Никитин, не прерывая, выслушал Ермакова и боцмана и словно бы даже обрадовался всей этой истории.

Андрей не поверил своим ушам, услыхав заклю­чение председателя:

— Вы, Ковальчук, идите на шхуну, и чтобы о про­исшествии с Лимончиком не слыхала ни одна душа. А если встретите этого самого Фомина или Яшку и они вас будут спрашивать через третьих лиц, как идут дела, скажите, что все в порядке: мотор, мол, сломан...

Боцман ушел, не чуя от счастья ног: «Поверил мне, председатель, поверил...»

— Чудак ты человек! — обратился тогда Ники­тин к Ермакову. — Разве можно упустить такой слу­чай? Ковальчука пальцем не трогай — и так пере­жил не меньше тебя. По натуре-то ведь он честный, жизнью пожертвует, а вину свою загладит. Все надо сделать так, как ждет Лимончик. Не всерьез, конеч­но. Пусть товарищ Ливанов сделает вид, будто мо­тор сломался. Понятная география?..

Но только сегодня, выслушав план председателя, Андрей окончательно понял эту «географию».

Объяснив все детали предстоящей операции, Ни­китин пожелал командиру «Валюты» и его помощ­нику ни пуха ни пера.

— Товарищ председатель, — смущенно сказал Ермаков, — у меня к вам и к товарищу Репьеву просьба есть.

— К обоим сразу?

— К обоим...

— Чего же молчишь? Проси. Если в наших си­лах — уважим.
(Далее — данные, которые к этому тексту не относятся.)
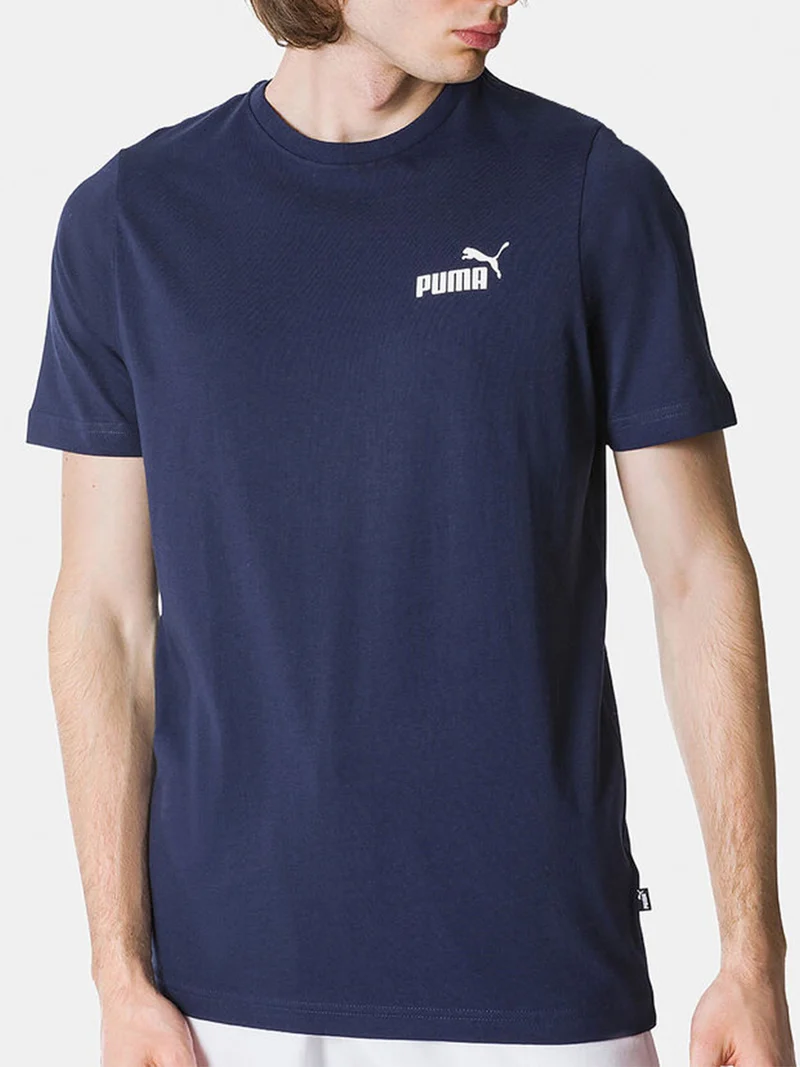 ESS Small No.1 Logo Tee T-shirt uomo - blu scuro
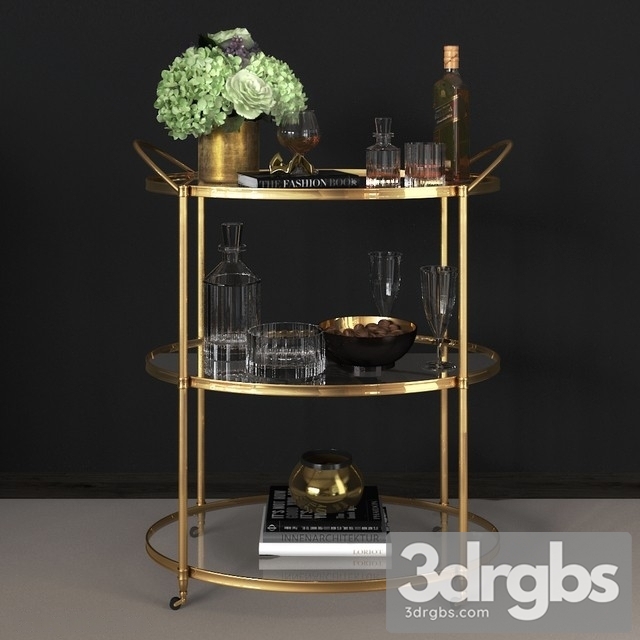 Arteriors Connaught Bar Trolley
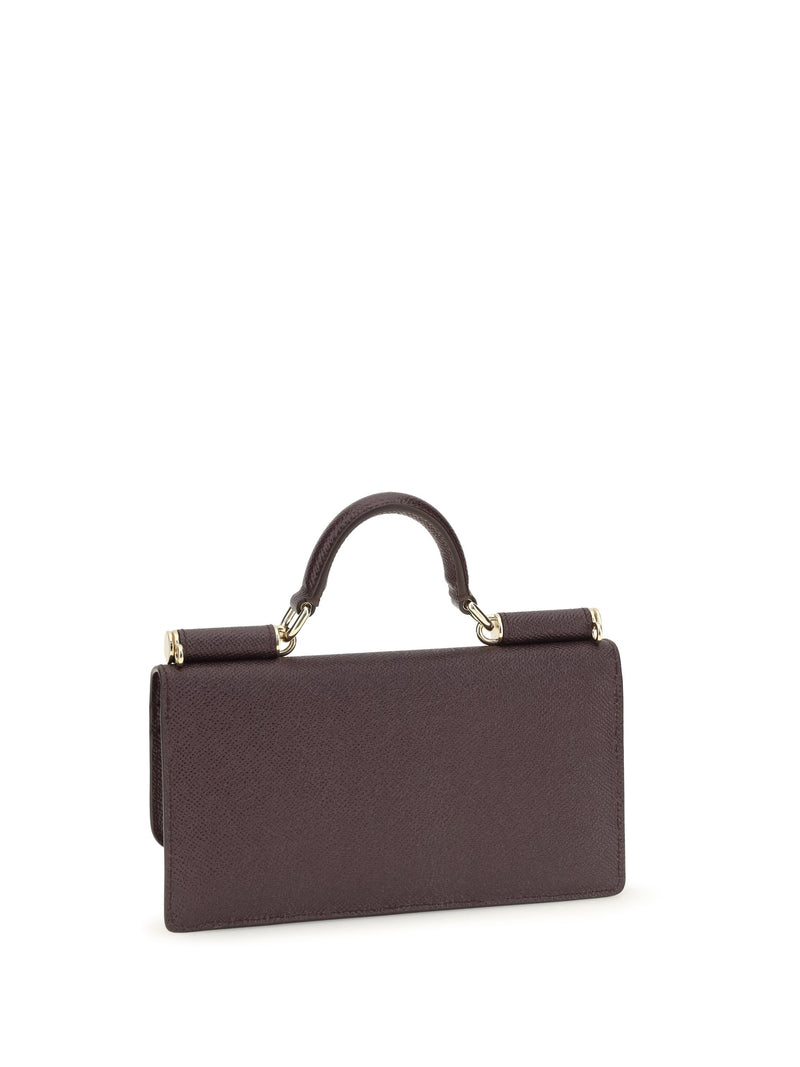 Dolce & Gabbana Shoulder Bag — Brown Calf Leather Bos Taurus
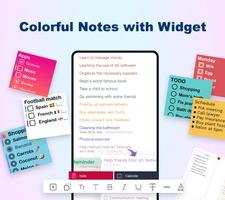 Notepad - Color Notes, Lists Plakat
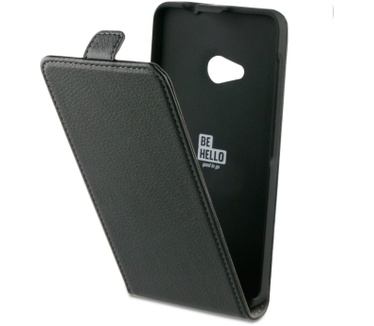 BeHello Nokia Lumia 535 Flip Case Black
— В партию я хочу вступить. Прошу у вас ре­комендацию.

— В партию? — живо переглянувшись с Репьевым, переспросил Никитин. — Дело хорошее. Пра­вильно решил! Я лично дам, а как ты, Макар Фад­деевич?

— С удовольствием, — ответил Репьев, — Андрею Романовичу давно пора в партию вступить.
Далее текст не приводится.